Kentucky has to be kicking itself after letting Florida escape Lexington with a hard-fought win last Saturday night. UK had numerous scoring chances turned back by the Gators. If Florida’s defense looked dominant against the Wildcats, there is no telling what kind of carnage Missouri may inflict. The Tigers have 34 tackles for loss so far (against three cupcakes) and are allowing a paltry 217 yards per game. Kentrell Brothers (who leads the nation in tackles) has been stellar for Mizzou. But Maty Mauck and the offense have not cooperated – last week’s 9-6 home win over UConn was one of the most heinous offense performances college football has seen in recent years. The narrow escape versus Arkansas State the week before was an equally uninspired effort. Mizzou is 3-0 – but does not deserve to be ranked at this point. Still, Missouri has navigated its schedule and survived some key injuries. If the Tigers get back rb Russell Hansborough for this week’s game, it will make a significant difference. As of now, he is listed on the depth chart. Pick: Kentucky 17, Missouri 16.
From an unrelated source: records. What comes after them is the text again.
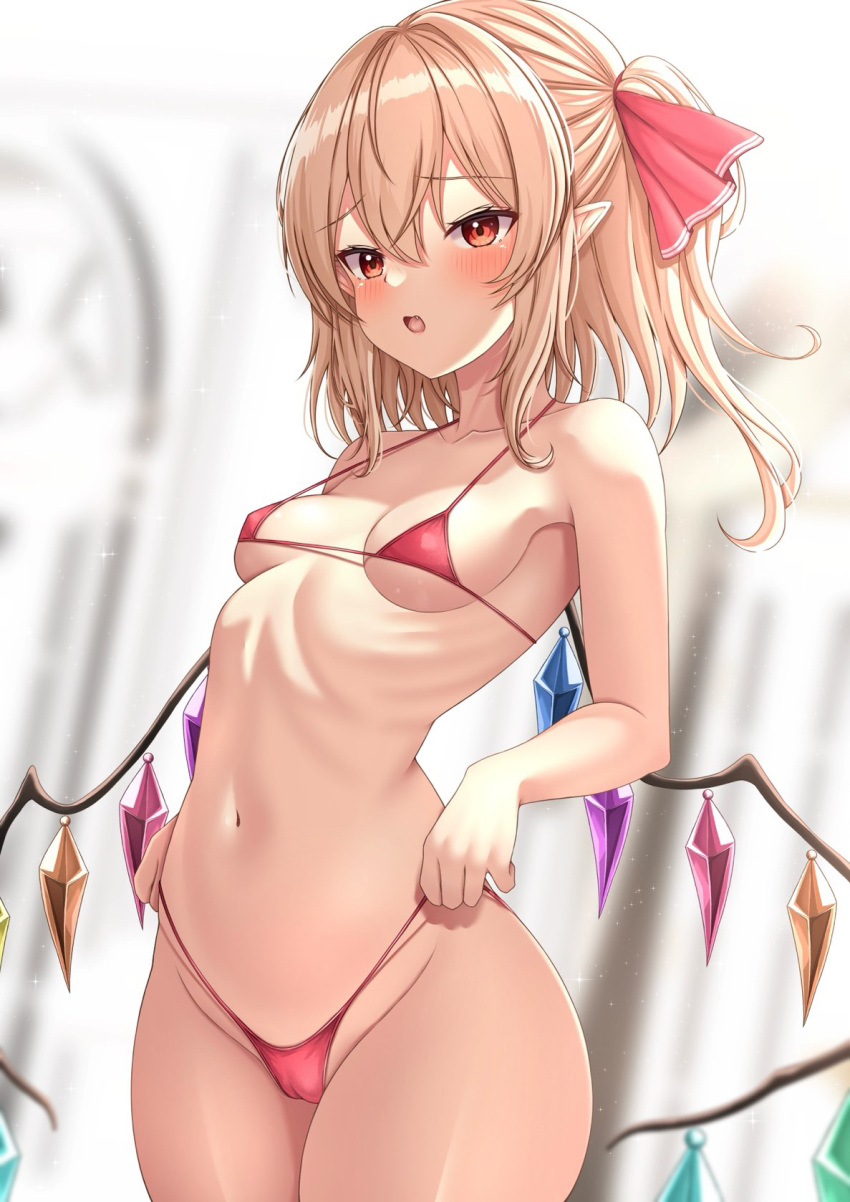 1girl :o arched_back bare_arms bikini bikini_pull blonde_hair blurry blurry_background blush cameltoe clothes_pull collarbone commentary_request flandre_scarlet groin hair_between_eyes hair_ribbon highres micro_bikini navel open_mouth pointy_ears red_bikini red_eyes reijing_etrn ribbon ribs sidelocks smile solo standing swimsuit touhou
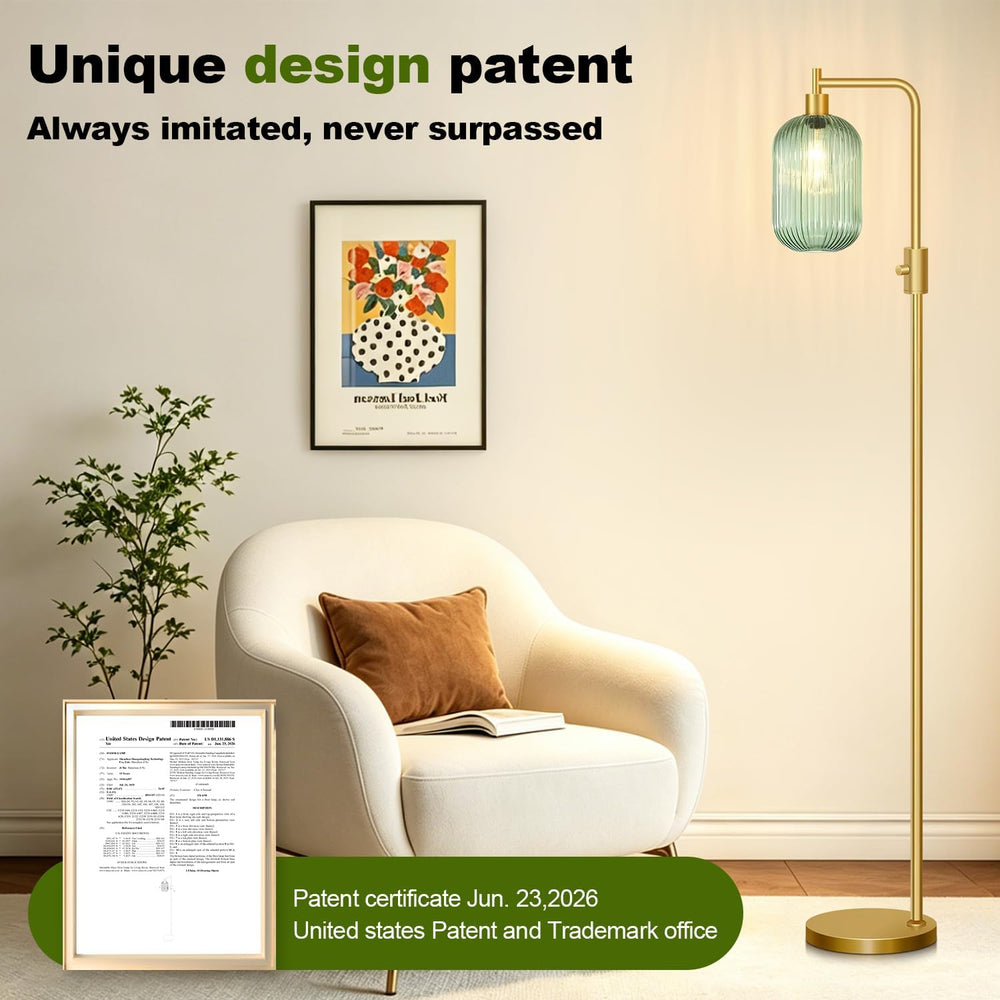 【Upgraded】 Dimmable Floor Lamp for Living Room with Green Ribbed Glass Lampsh...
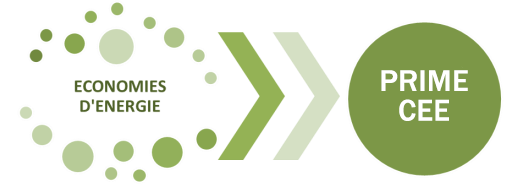 Économies d'Énergie menant à PRIME CEE avec une flèche verte.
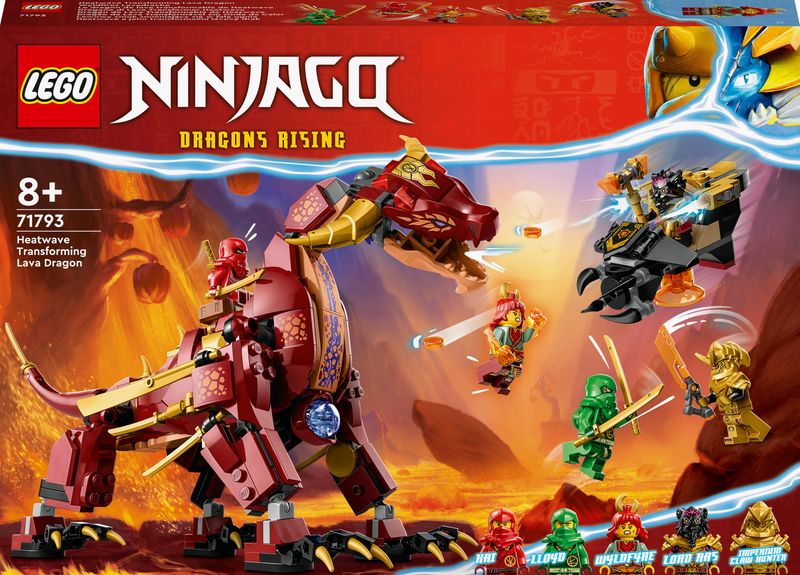 LEGO-NINJAGO-71793-Dragone-di-Lava-Transformer-Heatwave-Serie-Dragons-Rising-con-Drago-Giocattolo-e-Minifigure-Giochi-Ninja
Auburn has made headlines for the wrong reasons lately. The demotion of Jeremy Johnson has left freshman Sean White at the top of the qb depth chart. Last week, Auburn defenders made LSU’s Leonard Fournette look like a video game character as he rolled over, through and around hapless Auburn tacklers. MSU, with veteran qb Dak Prescott, took LSU to the wire in Starkville. Sometimes the transitive property does not work in football, but this time it is hard not to think that real trouble is brewing in Auburn’s collective psyche. Nonetheless, Vegas likes Auburn at home by 2½. Pick: MSU 27, Auburn 24.
The final in-conference SEC tilt pits two of the biggest surprises in the SEC. Texas A&M is a surprise of the pleasant variety – Arkansas, by contrast, is reeling after home losses to Toledo and Texas Tech. Vegas likes the Aggies by 7. I do not foresee Arkansas staunching the bleeding here. Pick: A&M 38, Arkansas 27.
The non-conference match-ups this week do not involve any toss-ups: SEC teams will be heavy favorites. The surprise here is that UCF visits South Carolina and the teams have one win between them. Winless UCF is nursing a couple of one-point losses to FIU and Furman along with a drubbing from Stanford. The Gamecocks start their third different qb of the season, freshman Lorenzo Nunez. Pick: South Carolina 31, UCF 16.
Georgia should dismantle Southern. Pick: Georgia 56, Southern 10. Louisiana-Monroe visits Angry Bama. Bad Timing. Pick: Bama 45, ULM 14. LSU travels to Syracuse. Pick: LSU 49, Syracuse 7.
The schedule is not easy for Vandy after this trip to Oxford. But it is easier – our two toughest SEC games will be behind us. If the Dores turn in another confidence-boosting performance on Saturday night, we may surprise ourselves the rest of the season. The problem is, Ole Miss has overwhelmingly deflated every opponent it has faced so far. Stopping potent offenses is the reason Coach Derek Mason was paid the big money – but for Vandy to compete in this game, our offense will need to help our defense by moving and eating up clock (and hanging on to the ball.)